Comment 7 Dan Winship 2020-08-14 12:58:02 UTC
I'm not sure exactly how non-RHCOS RHEL nodes work, but it sounds like we need to just make sure jq gets installed on them. I assume there must already be infrastructure somewhere (MCO?) for ensuring that the RPMs we need are available on all nodes...

Comment 8 Tim Rozet 2020-08-14 21:37:08 UTC
(In reply to Dan Winship from comment #7)
> I'm not sure exactly how non-RHCOS RHEL nodes work, but it sounds like we
> need to just make sure jq gets installed on them. I assume there must
> already be infrastructure somewhere (MCO?) for ensuring that the RPMs we
> need are available on all nodes...

It's BYO RHEL, so I think the user would have to include the package.
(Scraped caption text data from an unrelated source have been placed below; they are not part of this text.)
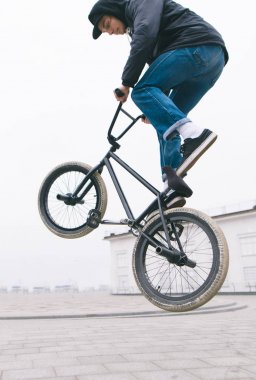 BMX freestyle kapatın. Genç bir adam Dublörler bir Bmx bisiklet üzerinde yapar. Sokak kültürü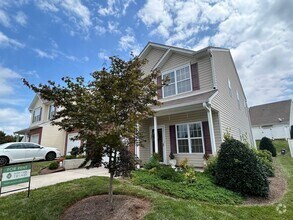 Building Photo - Immaculate beautiful 3-bedroom, 2.5-bath t...
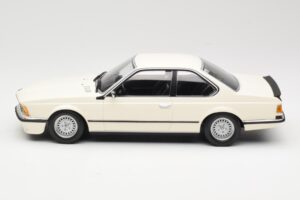 BMW 635 CSi E24 Vit Minichamps 1:18 155028102 Metall — bild 3 av 6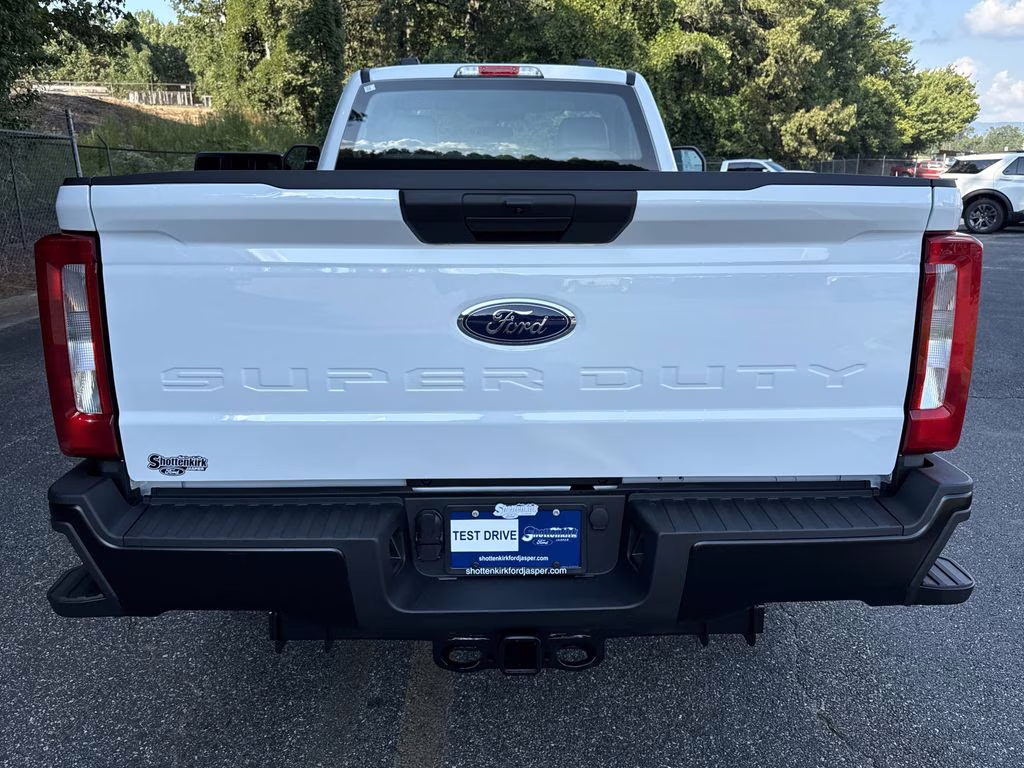 2026 Oxford White Ford Super Duty F-350 SRW XL RWD Truck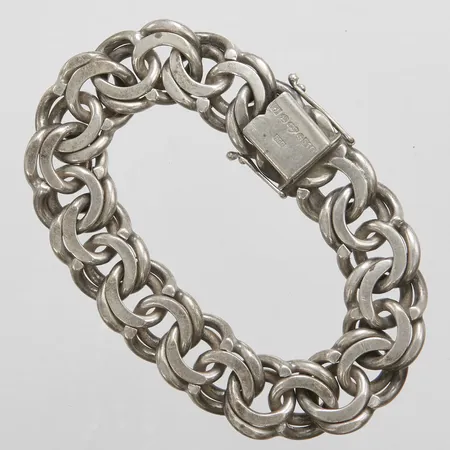 Armband Bismarck längd 20,5cm, bredd 14mm, svenska stämplar, 830/1000 silver Vikt: 88,5g Vikt: 88,5 g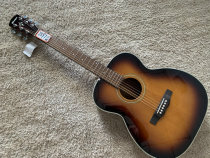 Japanese brand Morris Morris spruce wood veneer single folk acoustic guitar 40 inches professional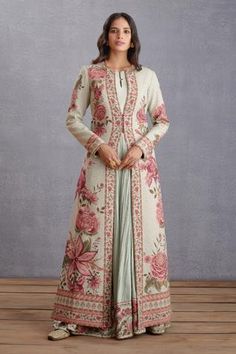 Shop for Torani Green Jaituni Dhuni Jacquard Chogha Set for Women Online at Aza Fashions Maxi Dress Indian, Round Neck Jacket, Cotton Silk Fabric, Beige Jacket, Sleeveless Long Dress, Indian Fashion Designers, Jacquard Dress, Silk Chiffon, Green Jacket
I'm not sure if MCO can install the package. An alternative is we could just remove using jq from the script. Additionally we need fixes backported for NM OVS from 8.2 into 7.9z:
https://bugzilla.redhat.com/show_bug.cgi?id=1852106
https://bugzilla.redhat.com/show_bug.cgi?id=1820052

Comment 9 Vadim Rutkovsky 2020-08-17 18:32:33 UTC
cc'ing Russel as `jq` needs to be installed on hosts using openshift-ansible

Comment 10 Russell Teague 2020-08-17 18:57:22 UTC
Support packages are installed on RHEL workers based on this list:
https://github.com/openshift/openshift-ansible/blob/master/roles/openshift_node/defaults/main.yml#L20

If jq is required, it would need to be added to that list.  `jq` has not been a requirement for any components previously.

Comment 11 Tim Rozet 2020-08-17 20:33:15 UTC
We can remove using jq, I was going to hold off until we can verify if we can get backports for the NM OVS bugs.

Comment 17 errata-xmlrpc 2020-10-27 16:27:31 UTC
Since the problem described in this bug report should be
resolved in a recent advisory, it has been closed with a
resolution of ERRATA.

For information on the advisory (OpenShift Container Platform 4.6 GA Images), and where to find the updated
files, follow the link below.

If the solution does not work for you, open a new bug report.

https://access.redhat.com/errata/RHBA-2020:4196